TASK DIRECTIONS:
Start to finish, return the listing below exactly, pictures excluded.

AVAILABLE RECORDS:
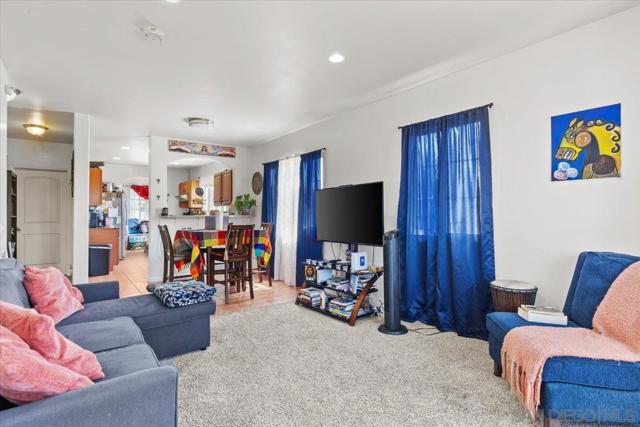 2832 34 K St, San Diego CA: https://media.crmls.org/mediaz/bf48f9bc-2794-435e-97a8-e757731603b9.jpg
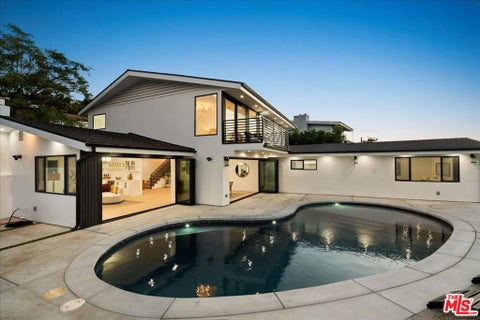 Photo of 15655 Castlewoods Drive, Sherman Oaks, CA 91403 (MLS # 26104633)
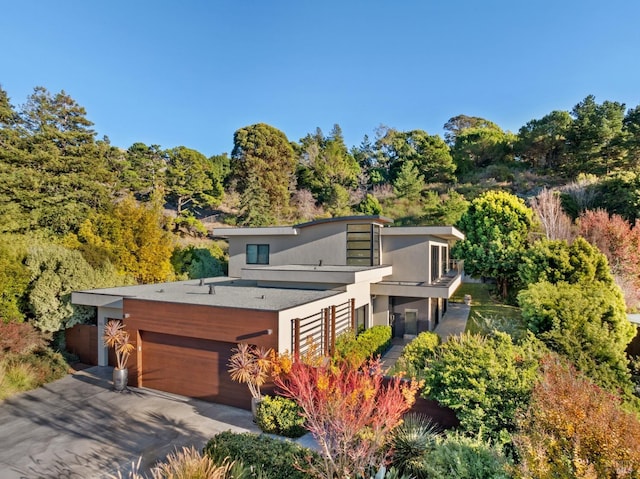 view of front of property with stucco siding and driveway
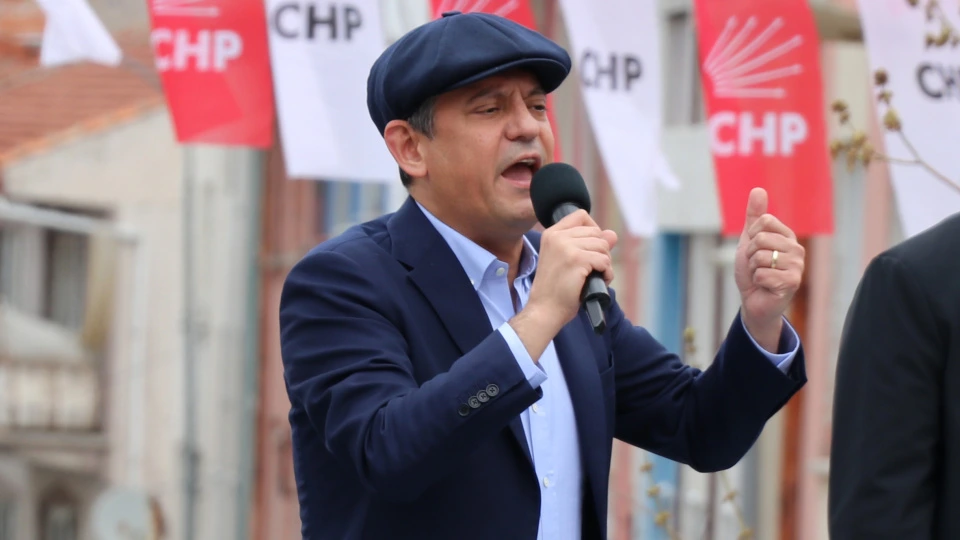 Özgür Özəl hakimiyyəti dəyişmək üçün seçki çağırışı edib.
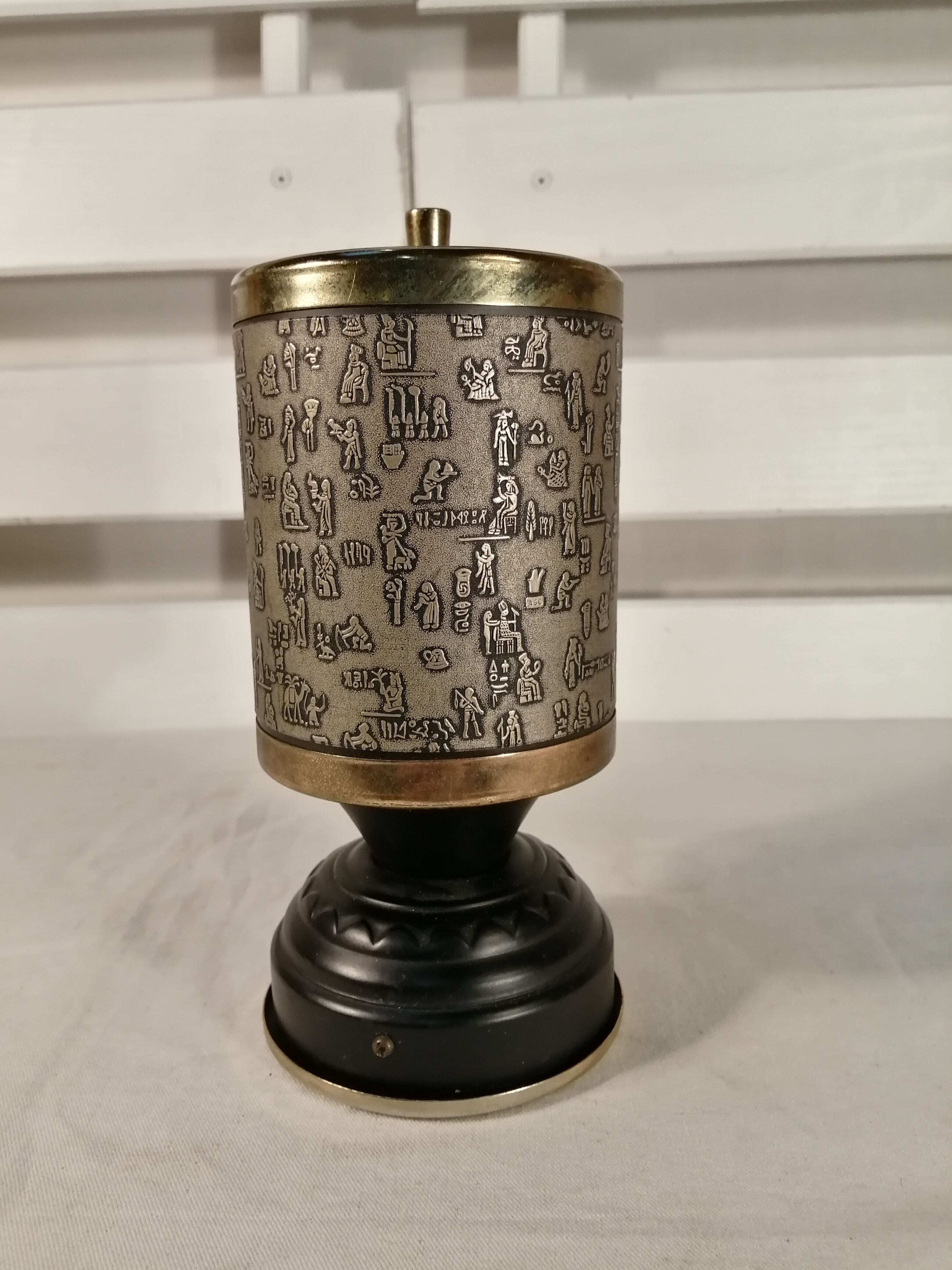 Keiwa Musical Cigarette Holder - Vintage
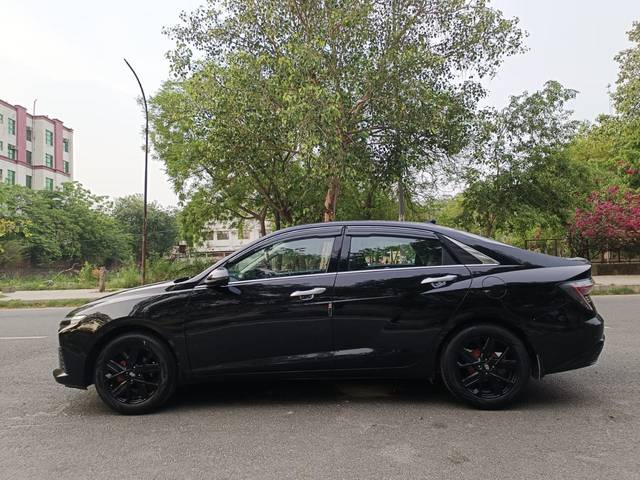 https://images10.gaadi.com/usedcar_image/4595843/original/2a6d42e82d4c1e70d9ea17d315bc563d.jpg?imwidth=6402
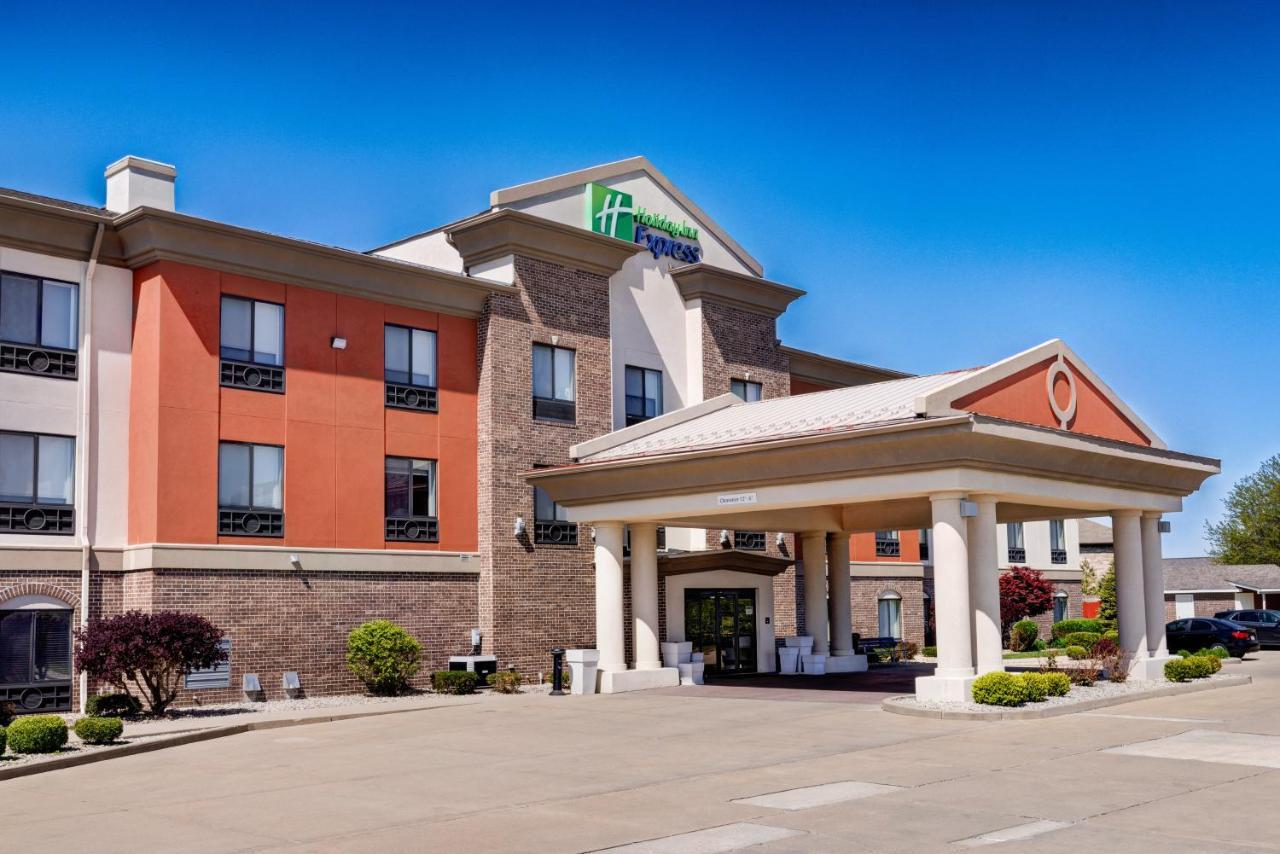 Holiday Inn Express Hotel & Suites Shelbyville By Ihg Buitenkant foto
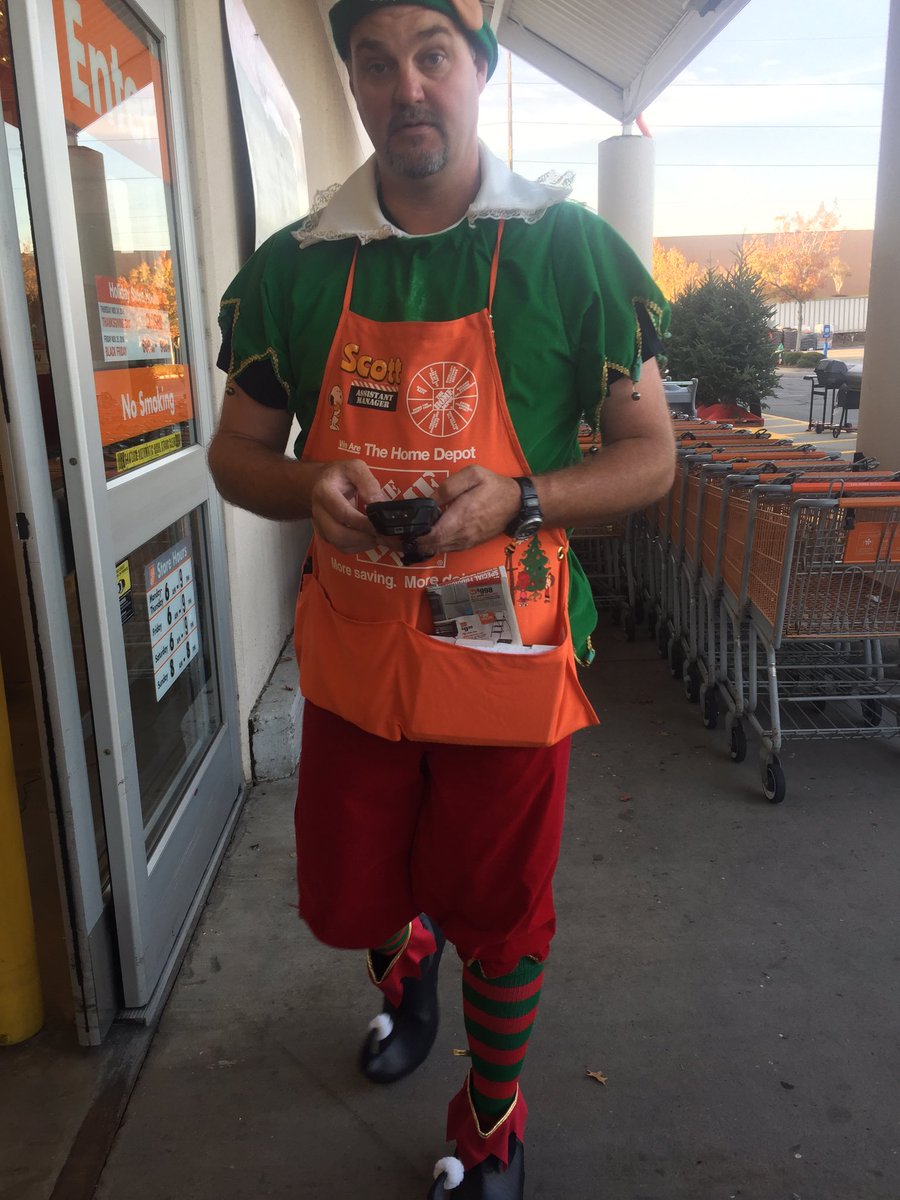theDAlsobrooks's tweet photo. @SdbassBass stop Elf'n around and get to work! https://t.co/3EWeiEggUw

TASK OUTPUT:
 2832 34 K St, San Diego CA: https://media.crmls.org/mediaz/bf48f9bc-2794-435e-97a8-e757731603b9.jpg
 Photo of 15655 Castlewoods Drive, Sherman Oaks, CA 91403 (MLS # 26104633)
 view of front of property with stucco siding and driveway
 Özgür Özəl hakimiyyəti dəyişmək üçün seçki çağırışı edib.
 Keiwa Musical Cigarette Holder - Vintage
 https://images10.gaadi.com/usedcar_image/4595843/original/2a6d42e82d4c1e70d9ea17d315bc563d.jpg?imwidth=6402
 Holiday Inn Express Hotel & Suites Shelbyville By Ihg Buitenkant foto
theDAlsobrooks's tweet photo. @SdbassBass stop Elf'n around and get to work! https://t.co/3EWeiEggUw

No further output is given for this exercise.